Anyone who has taken the Uniform CPA Examination, prepared for it, or been involved in the CPA licensure process knows that the passing score is 75. But very few understand what that 75 means.
In January, the exam structure had its biggest overhaul since the exam switched from paper and pencil to computer-based testing in 2004.
New candidates are curious about how the changes will affect their scores, and many CPAs who sat for the exam before 2004 want to know what’s different from the pre-computer-scoring days. This article provides an overview of the scoring process and answers some frequently asked questions.
COMPUTER VS. PENCIL
In the paper-and-pencil days, scoring was done by hand, which took several weeks, according to John Mattar, the AICPA Examinations Team’s director–Psychometrics & Research. Now, the examinations team writes software that evaluates answers based on an answer key a committee has agreed on, he said.
Essays likewise were scored by a room full of CPAs who were trained to score them. Now, the Examinations Team uses software to score them.
“If the gold standard is what a trained human scorer would score, you gather a relatively large sample—around 1,000 to 1,200 responses scored by people—then you use a program to build a mathematical model that will take elements of those papers and predict human scores and validate that model using data from real candidates and show the software is scoring the way the humans would score it,” Mattar said. “Now you have an approved scoring model and can run responses electronically through that software almost instantly and get scores.” However, even with the automated scoring, a sample of responses is also scored by people as a continuing quality-control check, he said.
The software looks for elements a human would score on, such as organization, development, and usage of language.
Because a new section of essays was introduced into the Business Environment and Concepts (BEC) section this year, initially, those essays will still have to be scored by humans, Mattar said. The Examinations Team will need to build computer models after it receives enough sample responses.
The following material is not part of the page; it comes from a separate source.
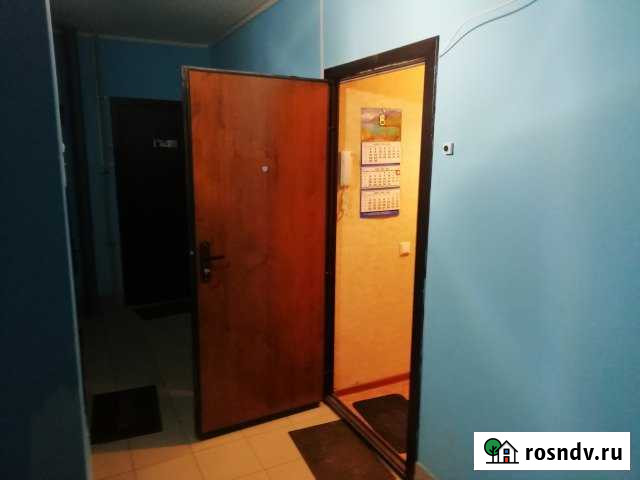 Квартира-студия, 21 м², 2/3 эт. на продажу в Нижнем Новгороде Нижний Новгород - изображение 1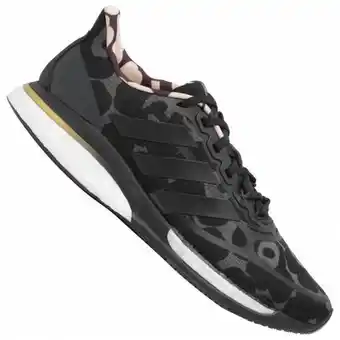 SportSpar Adidas x marimekko supernova damen laufschuhe gz8906 Angebot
If a test taker’s total score is close to the passing score, the candidate’s written responses will be automatically regarded by human graders. When there is more than one grader for a response, the average of the scores is used as the final grade, he said.
How questions appear on tests is also different. In the past, there were different forms of the exam, but all Form A’s, for example, contained the same questions. Today’s system—multi-stage testing (MST)—allows the Examinations Team to target the exam to the ability of the candidate to get a more precise estimate of his or her proficiency, Mattar said.
When are easier or more difficult questions given?
Candidates take three multiple-choice testlets (groups of multiple-choice questions) per exam section. The first testlet is always a medium testlet. Those who perform well get a more difficult second testlet, while those who do not perform well receive a second medium difficulty testlet. Similarly, the third testlet can be a medium or a more difficult one and is based on performance on the first two testlets. Task-based simulation (TBS) questions are pre-assigned and are not chosen based on performance on the multiple-choice testlets. Exhibit 1 illustrates the process.
If you do poorly on the first testlet, you can still pass the exam, but you will need to do better on the second and third testlets.
You can get all medium testlets and still pass, but for this to happen, you would have to have good, but not excellent, performance on the first two testlets, and then excellent performance on the last testlet.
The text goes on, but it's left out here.